EXERCISE PROMPT:
Retype only the lines below from the one with "Рустам Акбаров" to the one with "Asistentes a la", inclusive, skipping every image.
──────── SOURCE DATA
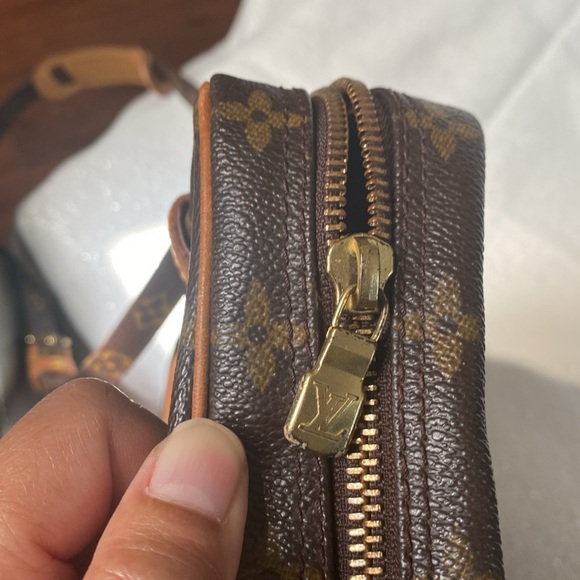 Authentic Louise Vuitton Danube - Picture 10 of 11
────────────────
──────── SOURCE DATA
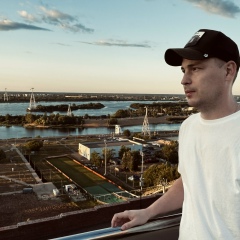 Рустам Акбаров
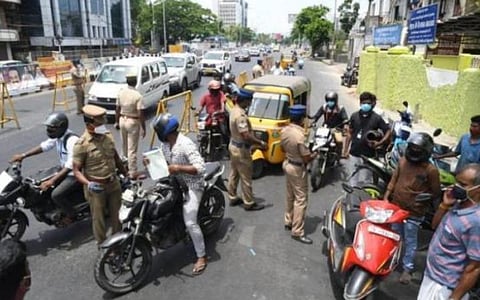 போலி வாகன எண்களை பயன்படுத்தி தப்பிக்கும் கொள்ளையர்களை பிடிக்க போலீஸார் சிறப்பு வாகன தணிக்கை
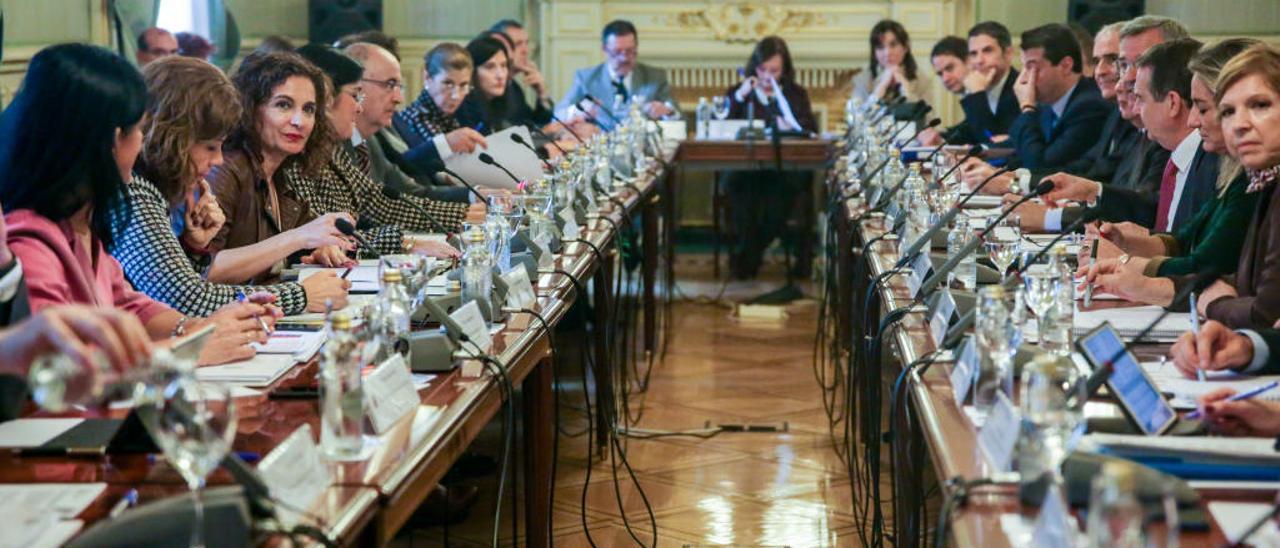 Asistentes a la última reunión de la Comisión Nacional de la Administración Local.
────────────────
──────── SOURCE DATA
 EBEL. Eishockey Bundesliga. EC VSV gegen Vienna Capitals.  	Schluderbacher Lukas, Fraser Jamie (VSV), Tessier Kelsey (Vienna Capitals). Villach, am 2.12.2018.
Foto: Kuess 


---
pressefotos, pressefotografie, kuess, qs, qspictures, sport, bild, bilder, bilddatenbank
────────────────
EXERCISE SOLUTION:
 Рустам Акбаров
 போலி வாகன எண்களை பயன்படுத்தி தப்பிக்கும் கொள்ளையர்களை பிடிக்க போலீஸார் சிறப்பு வாகன தணிக்கை
 Asistentes a la última reunión de la Comisión Nacional de la Administración Local.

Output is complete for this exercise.